# Assigned task
In exact form, please repeat the records from their opening line down to the line with "Tailored Satin Trench Coat - Brown", including that line.

# Data extract
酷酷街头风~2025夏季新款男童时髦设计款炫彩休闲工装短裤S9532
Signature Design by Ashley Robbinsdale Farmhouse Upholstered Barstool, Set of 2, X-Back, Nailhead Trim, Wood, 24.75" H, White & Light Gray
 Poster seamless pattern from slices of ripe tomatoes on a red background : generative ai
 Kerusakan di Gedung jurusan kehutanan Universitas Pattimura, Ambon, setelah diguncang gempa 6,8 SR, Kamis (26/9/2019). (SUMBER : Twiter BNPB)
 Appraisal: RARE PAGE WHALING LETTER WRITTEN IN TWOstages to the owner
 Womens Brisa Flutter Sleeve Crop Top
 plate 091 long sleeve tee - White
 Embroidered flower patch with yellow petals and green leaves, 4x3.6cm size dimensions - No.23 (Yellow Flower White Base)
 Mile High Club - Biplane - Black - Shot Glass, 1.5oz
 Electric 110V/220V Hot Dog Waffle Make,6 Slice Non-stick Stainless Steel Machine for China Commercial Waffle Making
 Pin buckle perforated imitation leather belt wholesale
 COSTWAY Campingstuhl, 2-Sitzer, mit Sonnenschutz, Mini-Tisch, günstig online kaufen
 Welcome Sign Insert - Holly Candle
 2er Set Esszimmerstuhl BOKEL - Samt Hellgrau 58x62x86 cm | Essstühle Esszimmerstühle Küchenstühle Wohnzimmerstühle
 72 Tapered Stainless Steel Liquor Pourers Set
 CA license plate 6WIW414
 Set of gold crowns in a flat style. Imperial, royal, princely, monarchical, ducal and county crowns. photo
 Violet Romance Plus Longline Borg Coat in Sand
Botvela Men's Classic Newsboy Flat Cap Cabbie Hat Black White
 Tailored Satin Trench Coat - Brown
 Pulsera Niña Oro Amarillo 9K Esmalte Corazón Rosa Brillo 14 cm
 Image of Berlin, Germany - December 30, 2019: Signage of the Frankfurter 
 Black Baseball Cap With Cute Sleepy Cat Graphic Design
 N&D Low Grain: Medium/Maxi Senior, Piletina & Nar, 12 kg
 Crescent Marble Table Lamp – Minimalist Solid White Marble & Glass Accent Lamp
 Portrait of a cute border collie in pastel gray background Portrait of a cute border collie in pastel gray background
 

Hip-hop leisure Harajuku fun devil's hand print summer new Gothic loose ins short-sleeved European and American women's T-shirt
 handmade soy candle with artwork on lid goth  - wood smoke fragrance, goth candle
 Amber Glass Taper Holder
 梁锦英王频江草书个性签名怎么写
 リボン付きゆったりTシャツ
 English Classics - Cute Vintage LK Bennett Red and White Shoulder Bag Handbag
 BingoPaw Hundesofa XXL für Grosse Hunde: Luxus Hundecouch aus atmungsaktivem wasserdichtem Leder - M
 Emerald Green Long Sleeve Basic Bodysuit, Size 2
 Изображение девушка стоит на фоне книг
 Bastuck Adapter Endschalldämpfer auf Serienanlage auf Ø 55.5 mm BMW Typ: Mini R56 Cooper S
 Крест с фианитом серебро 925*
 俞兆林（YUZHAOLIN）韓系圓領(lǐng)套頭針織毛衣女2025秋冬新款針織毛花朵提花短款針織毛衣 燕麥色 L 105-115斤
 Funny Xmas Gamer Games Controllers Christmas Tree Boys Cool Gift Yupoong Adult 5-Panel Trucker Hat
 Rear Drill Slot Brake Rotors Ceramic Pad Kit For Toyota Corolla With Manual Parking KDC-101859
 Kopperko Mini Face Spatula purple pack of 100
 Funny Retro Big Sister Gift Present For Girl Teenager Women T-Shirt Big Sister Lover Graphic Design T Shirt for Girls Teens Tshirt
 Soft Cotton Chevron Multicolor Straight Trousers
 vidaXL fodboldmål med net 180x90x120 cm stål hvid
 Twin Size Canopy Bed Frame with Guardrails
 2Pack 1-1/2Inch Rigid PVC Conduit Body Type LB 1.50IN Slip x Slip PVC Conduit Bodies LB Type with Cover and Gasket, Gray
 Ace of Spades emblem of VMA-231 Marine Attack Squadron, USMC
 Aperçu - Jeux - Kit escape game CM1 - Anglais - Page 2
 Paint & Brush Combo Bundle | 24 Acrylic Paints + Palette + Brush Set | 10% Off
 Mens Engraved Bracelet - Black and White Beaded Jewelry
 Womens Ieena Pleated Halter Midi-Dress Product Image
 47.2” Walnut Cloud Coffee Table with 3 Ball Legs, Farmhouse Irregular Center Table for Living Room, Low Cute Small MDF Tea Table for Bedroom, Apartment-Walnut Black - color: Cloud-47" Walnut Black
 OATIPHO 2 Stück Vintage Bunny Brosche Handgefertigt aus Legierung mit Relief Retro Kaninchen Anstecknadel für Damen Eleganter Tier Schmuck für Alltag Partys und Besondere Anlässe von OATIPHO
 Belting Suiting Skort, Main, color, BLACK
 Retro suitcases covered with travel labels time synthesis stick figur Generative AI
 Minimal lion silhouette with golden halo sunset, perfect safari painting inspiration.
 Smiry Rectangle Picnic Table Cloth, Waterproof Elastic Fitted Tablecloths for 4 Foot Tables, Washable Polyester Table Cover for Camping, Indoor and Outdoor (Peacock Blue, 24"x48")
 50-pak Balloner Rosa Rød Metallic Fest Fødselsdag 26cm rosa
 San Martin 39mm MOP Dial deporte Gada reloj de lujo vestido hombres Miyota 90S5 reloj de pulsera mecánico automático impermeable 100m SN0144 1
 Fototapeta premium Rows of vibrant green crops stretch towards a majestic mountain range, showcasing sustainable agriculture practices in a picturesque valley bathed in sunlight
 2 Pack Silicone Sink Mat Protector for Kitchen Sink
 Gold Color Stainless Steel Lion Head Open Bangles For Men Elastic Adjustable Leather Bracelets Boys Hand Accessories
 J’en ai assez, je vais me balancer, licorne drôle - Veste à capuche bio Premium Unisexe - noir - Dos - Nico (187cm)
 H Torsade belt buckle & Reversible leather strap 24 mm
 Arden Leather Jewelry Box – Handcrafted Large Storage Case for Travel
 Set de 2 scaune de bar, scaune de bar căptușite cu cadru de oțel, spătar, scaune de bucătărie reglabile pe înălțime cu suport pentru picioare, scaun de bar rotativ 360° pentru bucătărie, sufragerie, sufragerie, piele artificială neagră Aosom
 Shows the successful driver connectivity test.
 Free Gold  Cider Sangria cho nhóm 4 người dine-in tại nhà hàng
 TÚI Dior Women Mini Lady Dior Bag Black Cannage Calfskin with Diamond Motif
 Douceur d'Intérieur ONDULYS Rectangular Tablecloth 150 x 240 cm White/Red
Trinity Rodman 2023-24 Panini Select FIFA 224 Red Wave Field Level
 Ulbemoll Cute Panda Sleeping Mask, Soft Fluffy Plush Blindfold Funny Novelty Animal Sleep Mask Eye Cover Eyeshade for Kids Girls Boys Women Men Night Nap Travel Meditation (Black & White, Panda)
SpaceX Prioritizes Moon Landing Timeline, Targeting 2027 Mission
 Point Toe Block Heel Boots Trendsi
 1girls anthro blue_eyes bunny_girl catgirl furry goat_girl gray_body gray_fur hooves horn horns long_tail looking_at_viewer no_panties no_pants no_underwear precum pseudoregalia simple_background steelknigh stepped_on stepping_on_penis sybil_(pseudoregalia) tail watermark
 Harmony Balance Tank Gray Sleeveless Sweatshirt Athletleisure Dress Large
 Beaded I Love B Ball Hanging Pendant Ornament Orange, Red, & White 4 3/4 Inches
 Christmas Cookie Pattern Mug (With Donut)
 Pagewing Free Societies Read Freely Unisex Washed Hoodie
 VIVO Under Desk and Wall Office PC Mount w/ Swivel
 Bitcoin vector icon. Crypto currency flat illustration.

# Response area
酷酷街头风~2025夏季新款男童时髦设计款炫彩休闲工装短裤S9532
Signature Design by Ashley Robbinsdale Farmhouse Upholstered Barstool, Set of 2, X-Back, Nailhead Trim, Wood, 24.75" H, White & Light Gray
 Poster seamless pattern from slices of ripe tomatoes on a red background : generative ai
 Kerusakan di Gedung jurusan kehutanan Universitas Pattimura, Ambon, setelah diguncang gempa 6,8 SR, Kamis (26/9/2019). (SUMBER : Twiter BNPB)
 Appraisal: RARE PAGE WHALING LETTER WRITTEN IN TWOstages to the owner
 Womens Brisa Flutter Sleeve Crop Top
 plate 091 long sleeve tee - White
 Embroidered flower patch with yellow petals and green leaves, 4x3.6cm size dimensions - No.23 (Yellow Flower White Base)
 Mile High Club - Biplane - Black - Shot Glass, 1.5oz
 Electric 110V/220V Hot Dog Waffle Make,6 Slice Non-stick Stainless Steel Machine for China Commercial Waffle Making
 Pin buckle perforated imitation leather belt wholesale
 COSTWAY Campingstuhl, 2-Sitzer, mit Sonnenschutz, Mini-Tisch, günstig online kaufen
 Welcome Sign Insert - Holly Candle
 2er Set Esszimmerstuhl BOKEL - Samt Hellgrau 58x62x86 cm | Essstühle Esszimmerstühle Küchenstühle Wohnzimmerstühle
 72 Tapered Stainless Steel Liquor Pourers Set
 CA license plate 6WIW414
 Set of gold crowns in a flat style. Imperial, royal, princely, monarchical, ducal and county crowns. photo
 Violet Romance Plus Longline Borg Coat in Sand
Botvela Men's Classic Newsboy Flat Cap Cabbie Hat Black White
 Tailored Satin Trench Coat - Brown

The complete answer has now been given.